*To do*. Please write out only the lines from the line with "Billa Pancetta a cubetti nabídka" to the line with "Win10 64位专业版[永久激活,超稳定流畅] V2023", inclusive, exactly as they stand below, without the pictures.

*Data for analysis*.
◇ ◇ ◇ ◇ ◇

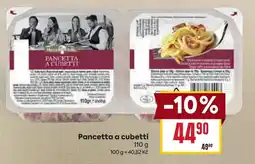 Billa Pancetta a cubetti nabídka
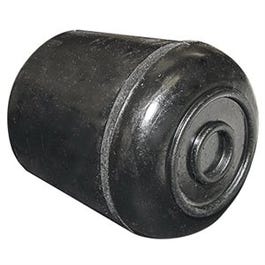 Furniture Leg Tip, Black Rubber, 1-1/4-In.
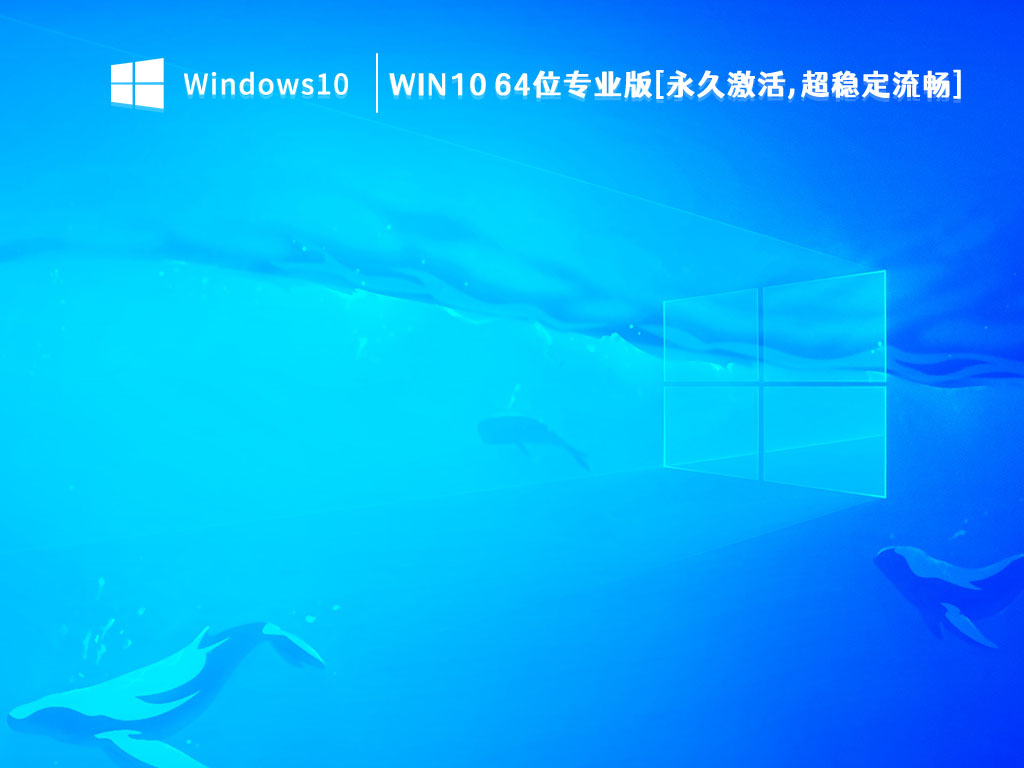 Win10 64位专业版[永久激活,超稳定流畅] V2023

◇ ◇ ◇ ◇ ◇

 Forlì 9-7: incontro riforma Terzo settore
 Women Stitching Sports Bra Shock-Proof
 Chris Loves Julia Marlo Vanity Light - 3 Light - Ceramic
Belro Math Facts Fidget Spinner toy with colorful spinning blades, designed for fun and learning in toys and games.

◇ ◇ ◇ ◇ ◇

*Result below*.
 Billa Pancetta a cubetti nabídka
 Furniture Leg Tip, Black Rubber, 1-1/4-In.
 Win10 64位专业版[永久激活,超稳定流畅] V2023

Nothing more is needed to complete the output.